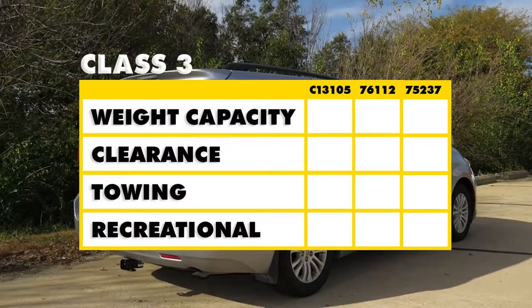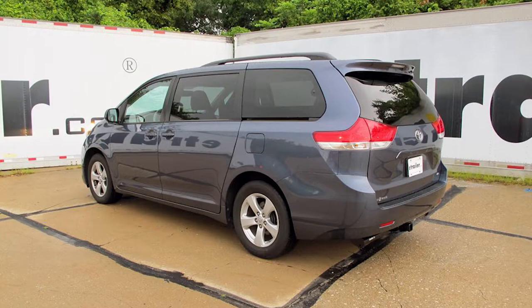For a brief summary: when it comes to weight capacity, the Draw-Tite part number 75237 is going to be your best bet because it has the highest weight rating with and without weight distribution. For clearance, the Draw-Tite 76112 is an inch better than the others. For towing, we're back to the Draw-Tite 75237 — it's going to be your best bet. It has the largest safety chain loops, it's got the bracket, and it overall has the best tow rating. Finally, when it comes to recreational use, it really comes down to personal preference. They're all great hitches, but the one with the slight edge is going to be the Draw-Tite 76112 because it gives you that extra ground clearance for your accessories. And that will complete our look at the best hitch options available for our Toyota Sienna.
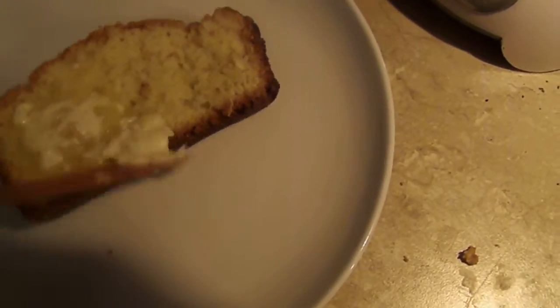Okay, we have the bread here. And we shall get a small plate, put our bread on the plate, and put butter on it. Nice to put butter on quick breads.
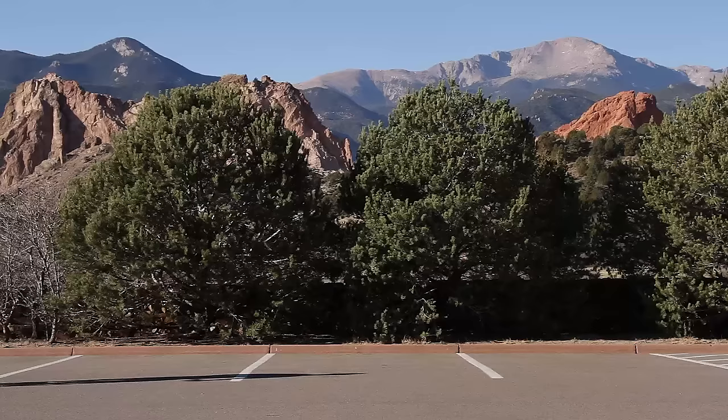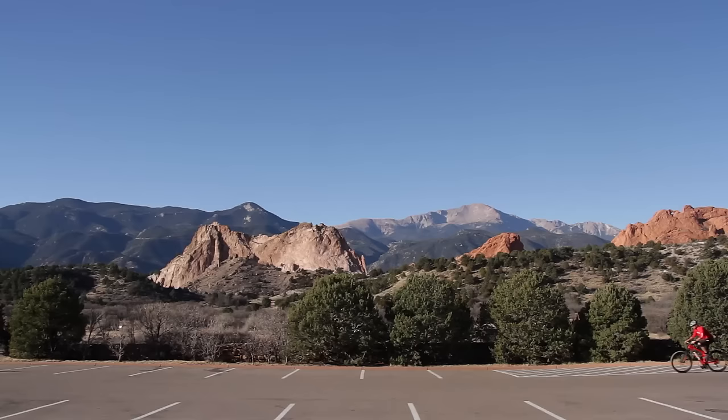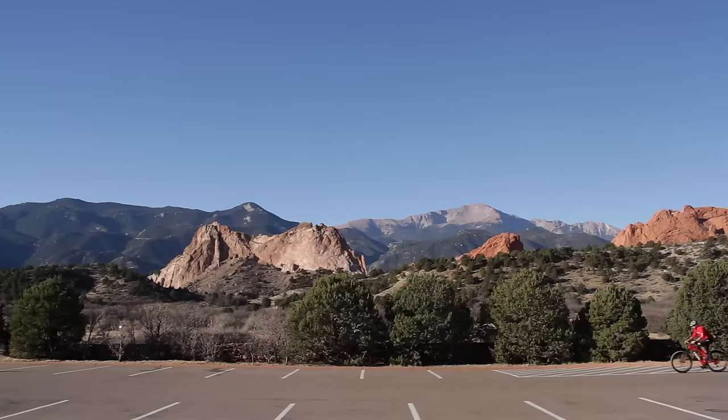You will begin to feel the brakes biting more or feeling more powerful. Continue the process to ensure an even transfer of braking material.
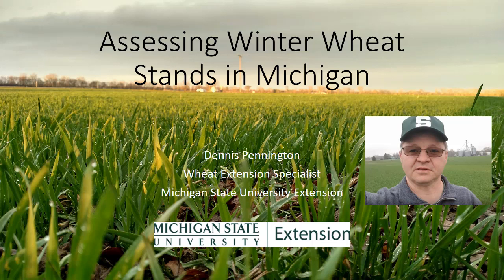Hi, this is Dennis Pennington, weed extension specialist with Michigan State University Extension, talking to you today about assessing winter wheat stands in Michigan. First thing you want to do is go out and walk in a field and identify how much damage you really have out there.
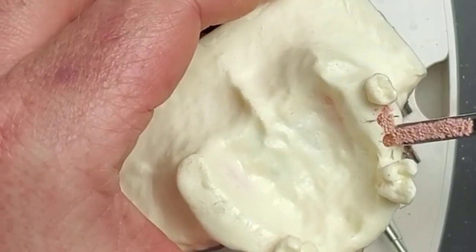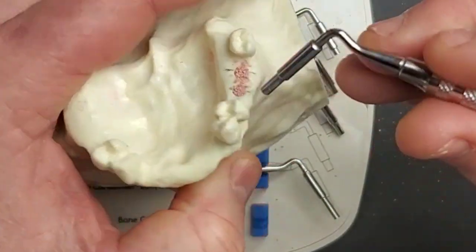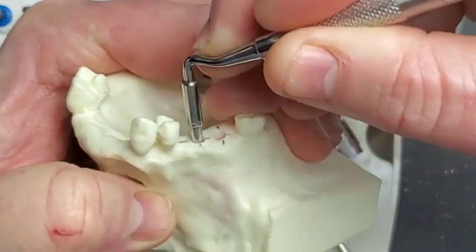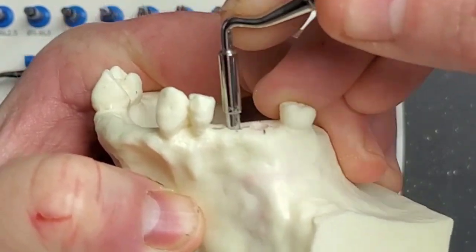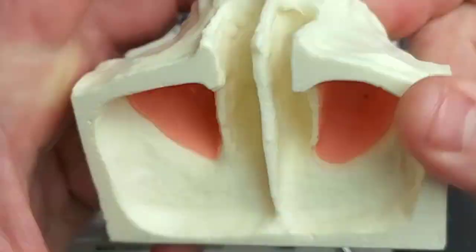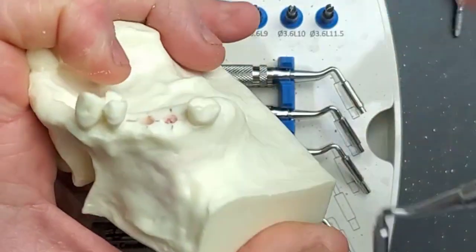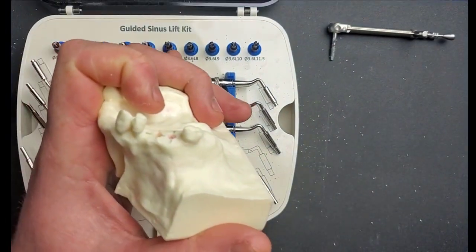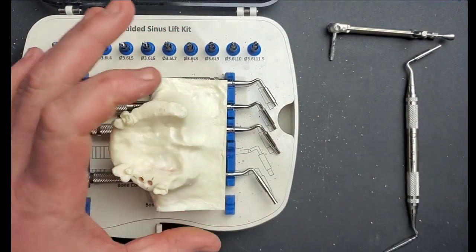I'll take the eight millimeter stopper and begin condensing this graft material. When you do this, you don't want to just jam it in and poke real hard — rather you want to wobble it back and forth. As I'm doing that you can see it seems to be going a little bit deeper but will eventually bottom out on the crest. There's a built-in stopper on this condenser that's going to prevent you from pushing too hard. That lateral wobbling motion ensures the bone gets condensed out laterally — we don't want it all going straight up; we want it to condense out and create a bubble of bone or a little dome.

────

Please repeat every record exactly, leaving the pictures out.

◆ Solution to this task ◆
For a brief summary: when it comes to weight capacity, the Draw-Tite part number 75237 is going to be your best bet because it has the highest weight rating with and without weight distribution. For clearance, the Draw-Tite 76112 is an inch better than the others. For towing, we're back to the Draw-Tite 75237 — it's going to be your best bet. It has the largest safety chain loops, it's got the bracket, and it overall has the best tow rating. Finally, when it comes to recreational use, it really comes down to personal preference. They're all great hitches, but the one with the slight edge is going to be the Draw-Tite 76112 because it gives you that extra ground clearance for your accessories. And that will complete our look at the best hitch options available for our Toyota Sienna.
Okay, we have the bread here. And we shall get a small plate, put our bread on the plate, and put butter on it. Nice to put butter on quick breads.
You will begin to feel the brakes biting more or feeling more powerful. Continue the process to ensure an even transfer of braking material.
Hi, this is Dennis Pennington, weed extension specialist with Michigan State University Extension, talking to you today about assessing winter wheat stands in Michigan. First thing you want to do is go out and walk in a field and identify how much damage you really have out there.
I'll take the eight millimeter stopper and begin condensing this graft material. When you do this, you don't want to just jam it in and poke real hard — rather you want to wobble it back and forth. As I'm doing that you can see it seems to be going a little bit deeper but will eventually bottom out on the crest. There's a built-in stopper on this condenser that's going to prevent you from pushing too hard. That lateral wobbling motion ensures the bone gets condensed out laterally — we don't want it all going straight up; we want it to condense out and create a bubble of bone or a little dome.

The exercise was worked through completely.